The city of Dayton has transferred two industrial properties that are key pieces of a more than $40 million plan to extend the Oregon Historic District.

City Properties Group, a Kentucky developer, plans to convert one property along Wayne Avenue into housing, commercial and restaurant space and other uses.

The plan for the second property on McDonough Street is renovated office space geared toward technology companies.

The larger objective is to create a vibrant new area currently called Oregon East, which would enlarge the footprint of the Oregon Historic District beyond Wayne Avenue, said Barry Alberts, managing partner with City Properties Group.

“Over the next three to six years, we’ll probably fill out that block (east of Wayne Avenue),” Alberts said.

Future redevelopment could involve adaptive reuse of more vacant commercial buildings, new construction and renovation of the U.S. Postal mail-sorting facility if it empties out, officials said.

Dayton Commissioners on Wednesday approved selling 210 Wayne Ave. and 15 McDonough St. to City Properties Group for $10 a piece. The combined assessed value of the properties is about $561,000, according to auditor records.

Millions expected to be invested in area

City Properties Group, based in Louisville, Ky., plans to spend between $8 million to $9 million to convert the vacant Weustoff and Getz Co. building on Wayne into about 40 loft-style apartments and space for a restaurant or two and possibly retail on the ground floor.

The city authorized transferring ownership of about eight acres, which includes the Weustoff and Getz building, the empty lot just east bordered by Walnut Street and the Garden Station property.

The rehabilitation project in late 2014 was awarded about $1.9 million in state historic tax credits.

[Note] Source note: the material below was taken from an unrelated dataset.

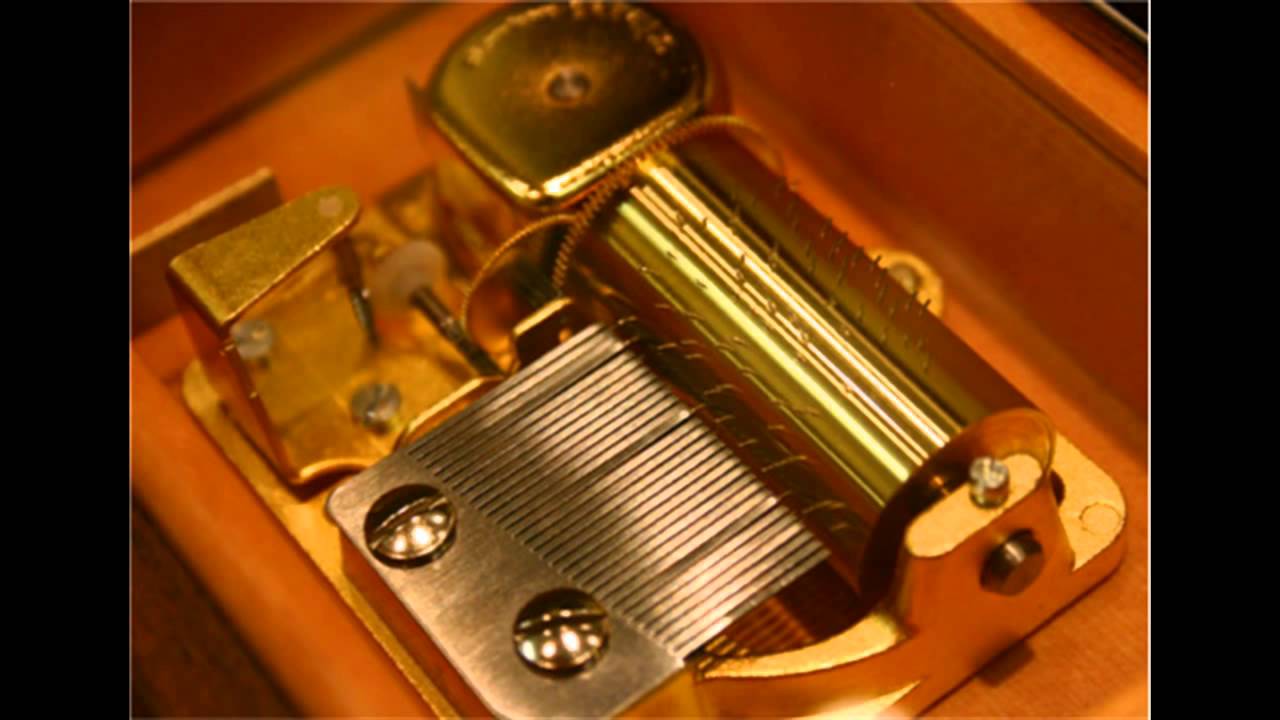 嵐・ 嵐にしやがれで櫻井翔&桐谷美玲の擬似デートに「企画倒れで誰得なのか」と大ブーイング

The city bought the Weustoff and Getz property several years ago for about $450,000.

The city also transferred a six-story commercial building at 15 McDonough St., which is the mostly vacant former Dayton Motor Car Co.

City Properties Group plans to apply for Ohio state historic tax credits this month to support a roughly $13 million rehabilitation of the Dayton Motor Car property to create modern, trendy office space for technology companies, Alberts said.

Plan calls for new buildings too

City Properties Group said it plans at least several future stages of development with projects in the $10 million range, Alberts said.

The total investment in the Wayne Avenue property likely will be about $30 million, Alberts said.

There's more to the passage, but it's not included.